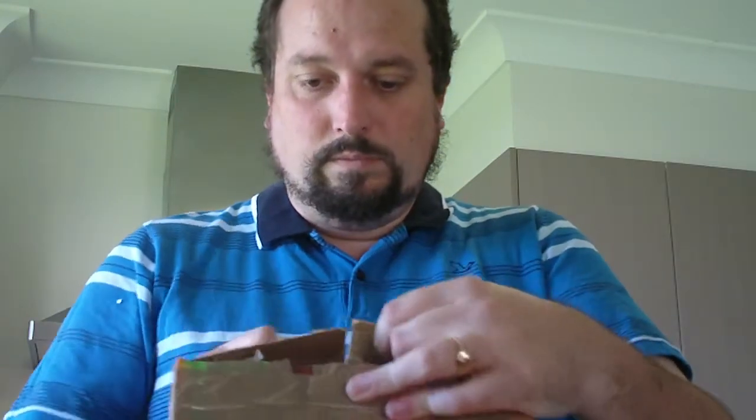I'll just grab this trusty little knife here and we'll open it up and see what's inside. Very well packaged.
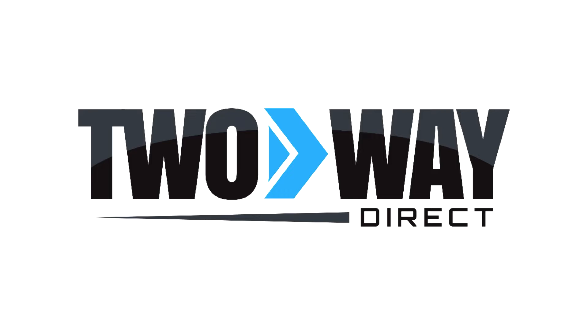Welcome to Two-Way Direct, your number one two-way radio dealer in the U.S. We not only offer all major brand products, but we do so at the lowest prices guaranteed.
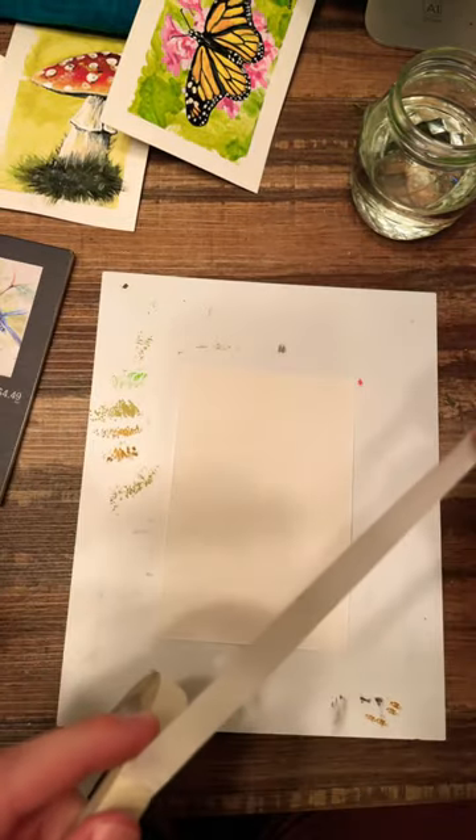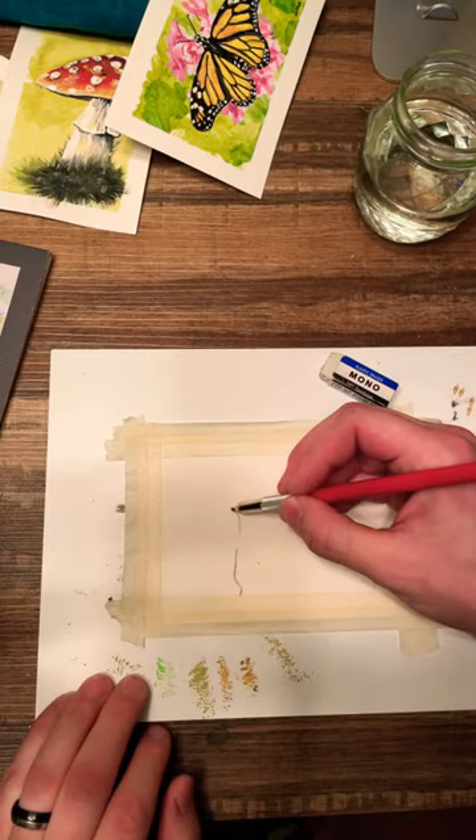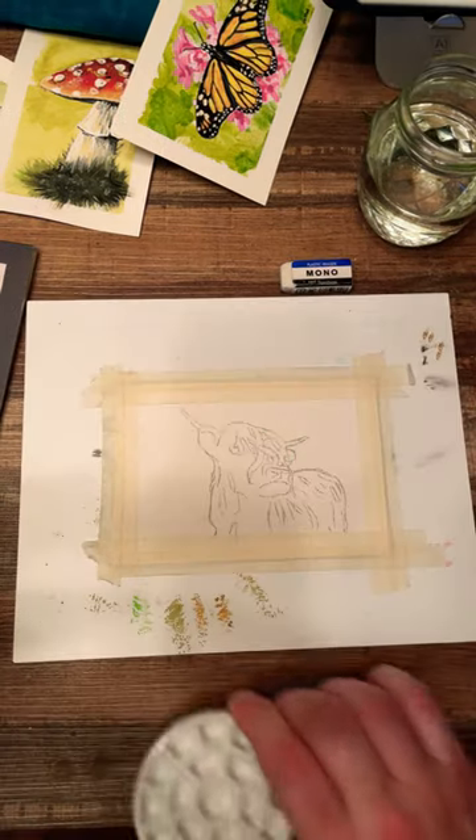Today we're going to be painting the Highland cow. This to me is one of the most beautiful animals I've ever seen. Unfortunately, I've never had the privilege of seeing one in person, but I do have a massive photo of one in my living room.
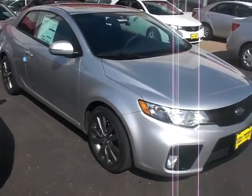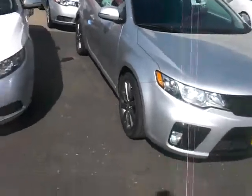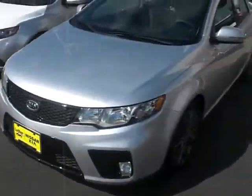Hi, this is Joe Klein at Luther Nissan Kia in Eagan and Inver Grove Heights. I'm here to show you the 2012 Forte Coupe. This is the SX model. I've got the upgraded engine in here, the 2.4 liter.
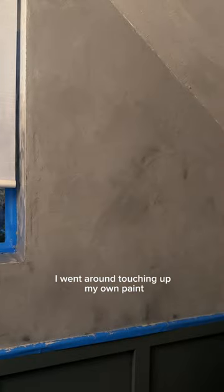I spent a good hour scraping off paint that was literally peeling off the wall from the previous owner, and then I went around touching up my own paint.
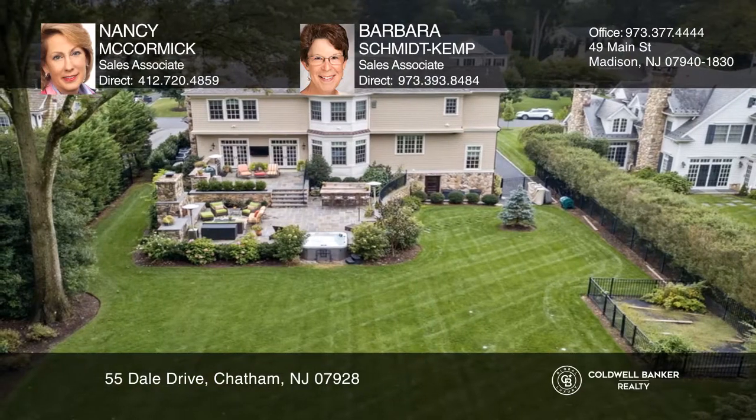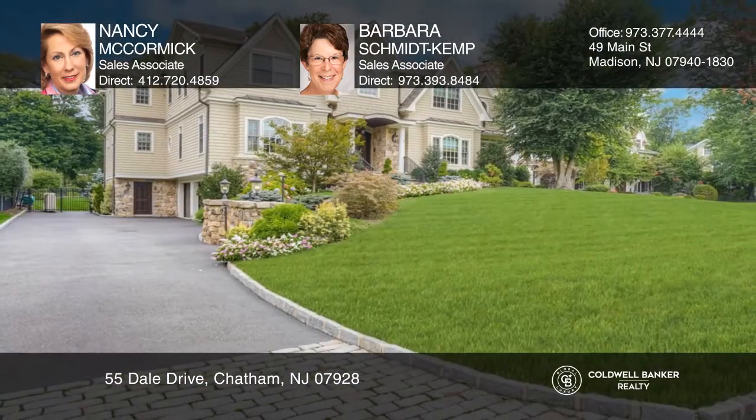Your new home is just a call away. Contact Nancy McCormick and Barbara Schmidt-Kemp for more details.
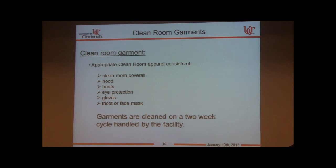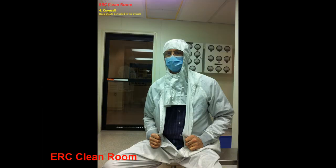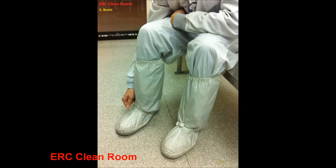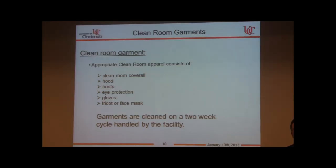There are two garment protocols. For the ERC clean room — which has Class 10, Class 1000, and Class 100 spaces — you are required to wear a coverall, boots, hood, and a tricot. For the OCMI clean room space, we currently only require gloves, a jacket or lab coat, and shoe covers.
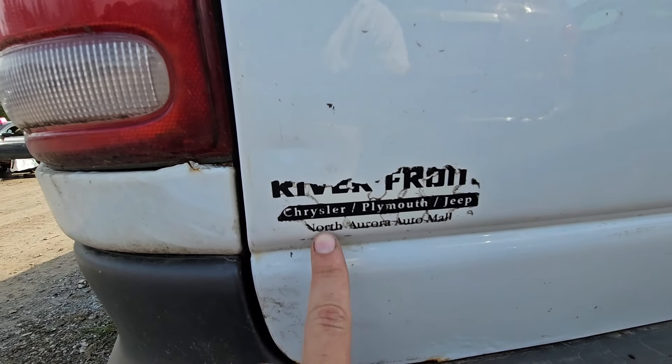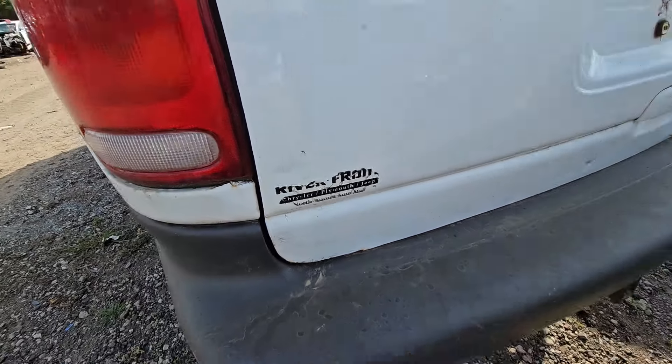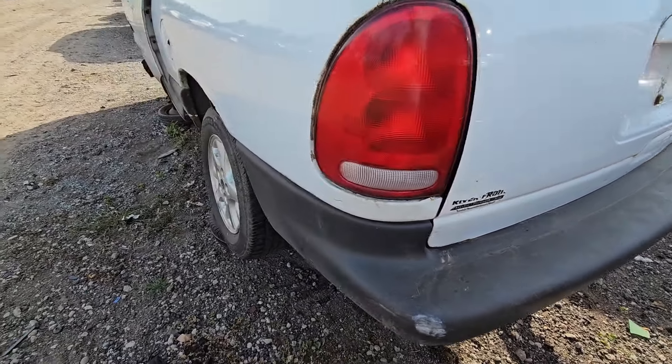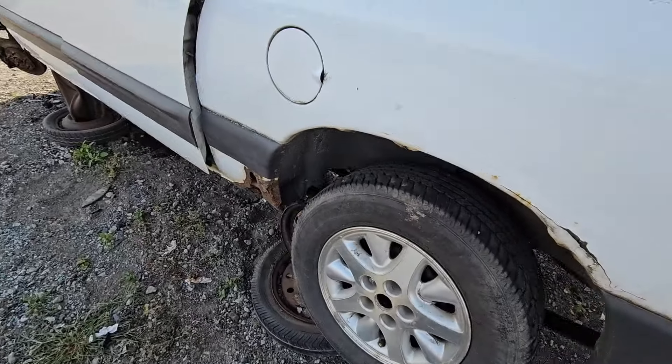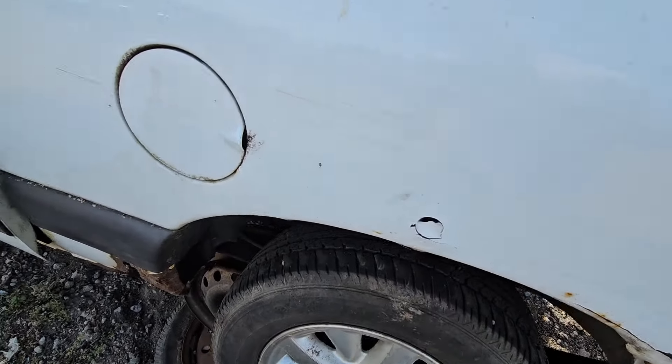There's a dealer badge: North Aurora Auto Mall Chrysler Plymouth Jeep. I wonder where that is — I don't think that's Minnesota. Oh, it's pretty rusty, it's really rusty.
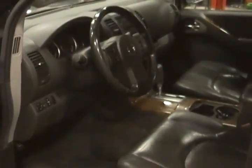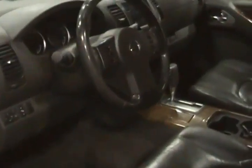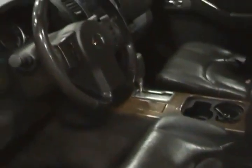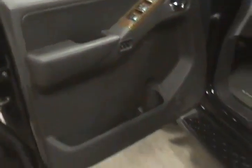This is our 2005 Nissan Pathfinder LE. It's got power leather heated seats, four wheel drive, wood grain trim, and seating for seven. You can't really see the seats in the back, but these seats fold down in the rear. It also has a sunroof.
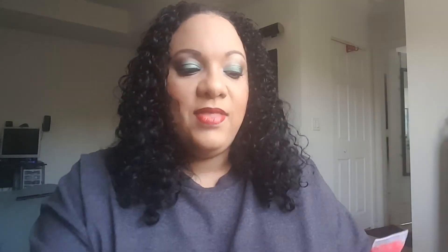Next we have two more lip products. This one is from LA Colors — it's their High Shine Lip Gloss in the color Tropical Punch. The next one is by Pro Fusion and it's the Healthy Lip Shine in a beautiful pink, number 10.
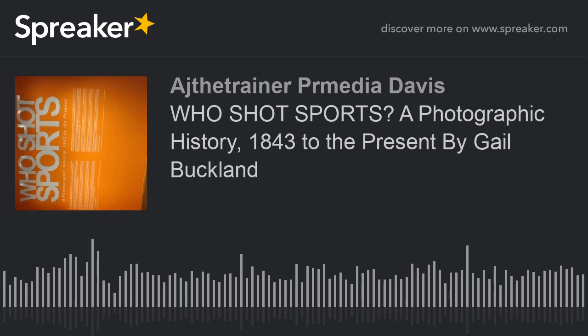Right here we're in the first section of the exhibition, called the Beginnings of Sports Photography, highlighting the early history. There are images here like this one by Eadweard Muybridge. He was an American photographer who was really at the cutting edge of photographic technology in his time. Back in the 1800s it was really an issue just to have a camera that could capture athletes in motion.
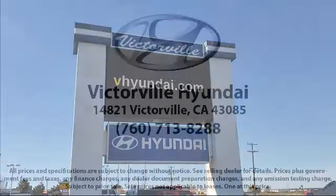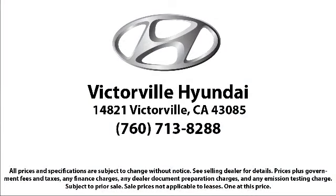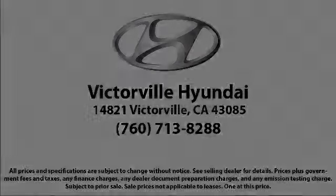So come see us today. Victorville Hyundai is located at 14821 Palmdale Road in Victorville. We'll see you next time.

-=-=-

Exercise brief> Copy out exactly, with no pictures, the lines of the data from the first one through the line bearing "Welcome to Two-Way".

Task solution>
I'll just grab this trusty little knife here and we'll open it up and see what's inside. Very well packaged.
Welcome to Two-Way Direct, your number one two-way radio dealer in the U.S. We not only offer all major brand products, but we do so at the lowest prices guaranteed.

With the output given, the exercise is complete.